At a recent Dyslexia Scotland Adult Network (Stirling) Meeting, we were discussing how difficult it is to organise our lives and homes on top of jobs, studying and/or family life.
These problems are by no means limited to us dyslexics (but our non-linear [often nonverbal] brains don’t help matters). I have also recently joined some local stitching clubs, and it was a friend in one of these that gave me the following idea. She said that she rewards herself monetarily for the tasks she does each day.
I thought this was a great idea and started using her idea. I reward myself 1p for things like every page I read, every 30mins I walk, every item I iron, and every item I put away in a drawer or hang up (I used to have huge piles of clothes everywhere because I thought, I’d forget anything I couldn’t see).
The following is a photo of how I keep a record of what I have done each day:
I have found this can be a good way to plan out a day. Without having to time everything out (which is something I cannot do, I don’t seem to know how long things will/should take me to do). I have found if I am having trouble starting in the morning: I get the pad out and write out a table, listing the tasks I have been putting off or I know need doing. And then somehow it’s a wee bit easier to get started.
AND yes I know the lines aren’t straight! I gave up trying to use a ruler, it was just too much hassle. And it’s not like anyone else will need to see it (other than an outside chance I feel the need to show my husband).
Also, due to the fact that I also reward myself for every room I hoover, or every window I wash, or every piece of furniture I polish; I can keep track of how often and/or frequently I do these tasks, that aren’t daily tasks but need done on a semi regular basis. So, if I’m sitting thinking about when I last did a task, I can just flip back and get a definite answer.
I can see how some people may feel this is a bit like a child’s reward chart. But it works with kids doesn’t it? Why should we have to grow out of everything that helps! No one else needs to know. And it can be a way to save for treats that you otherwise cannot justify (I use 1ps because I’m temp and don’t always have a job: but the friend who told me about it uses other denominations [like 10p etc]).
Why not give this a go if you are having trouble organising your life. Perhaps if this doesn’t work for you, it might give you ideas about what else might help. Or if you use other techniques (or have other ideas) please comment below, we’d love to learn from your coping mechanisms.
Doreen Kelly
Admin Volunteer/DS Member
I love both of these ideas, thank you so much!

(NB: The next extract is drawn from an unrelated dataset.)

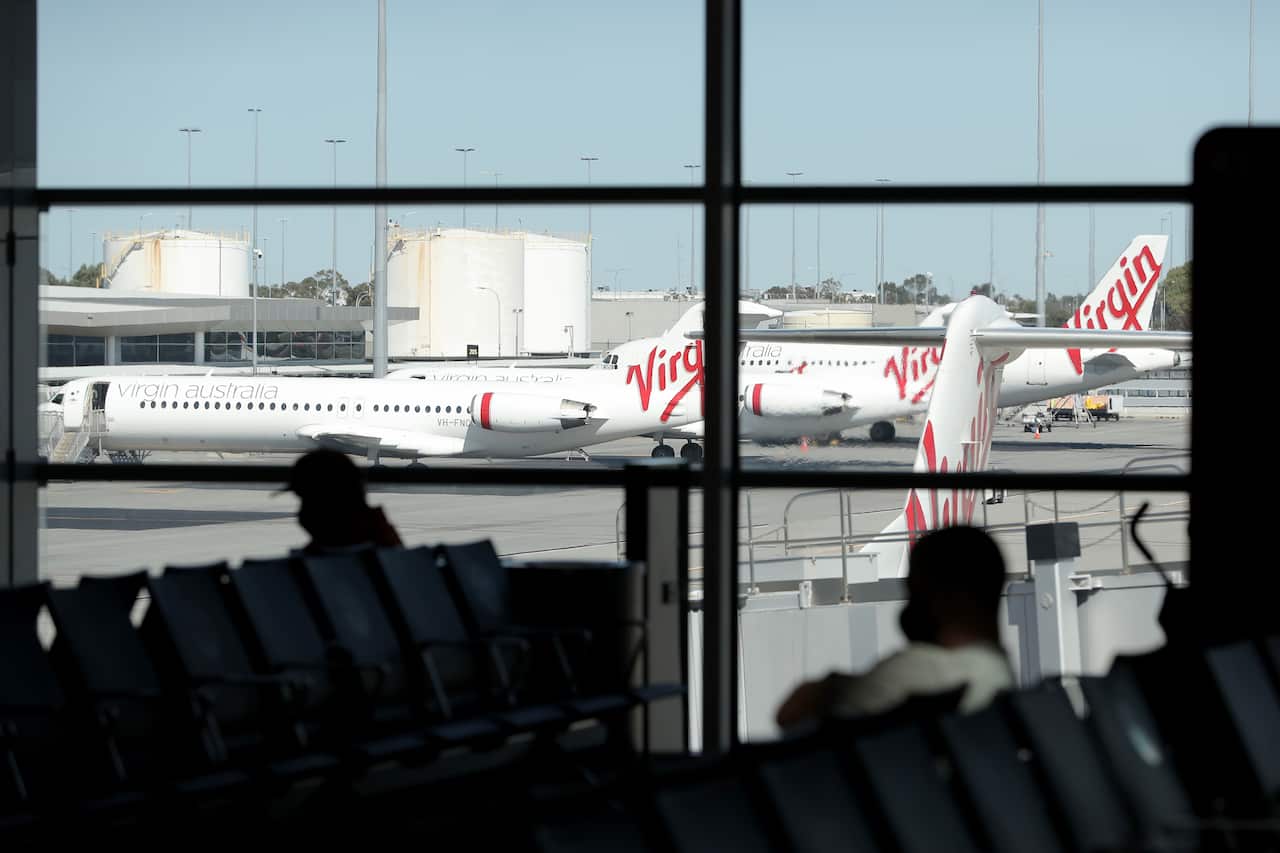 Silhouettes of two peopel sitting on seats at an airport. There are Virgin planes outside on the tarmac.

If you are interested in finding out tips on dyslexia, Dyslexia Research Trust has a strategy sharing blog at http://drtstrategyblog.blogspot.co.uk. I couldn’t find any posts on organisation and time management. But there are lots on other aspects of dyslexia, including recent ones on a Lego magazine and sensory overload.
This idea might appeal to anyone who likes role play and needs to do some tidying at home!
The idea is you go into role as a dyslexia house coach. The dyslexia house coach is a really positive, cheerful person, supportive and non-judgemental. They are the person you’d most like to have helping you and they can be someone you’ve never met e.g. your favourite actor. You help yourself to do whatever it is that needs done by pretending you are this coach.
On a Sunday, decide on an hour in the week ahead and write it in your diary.
Stick to the appointment as if you had made it with someone you respect i.e. only reschedule it if you absolutely have to.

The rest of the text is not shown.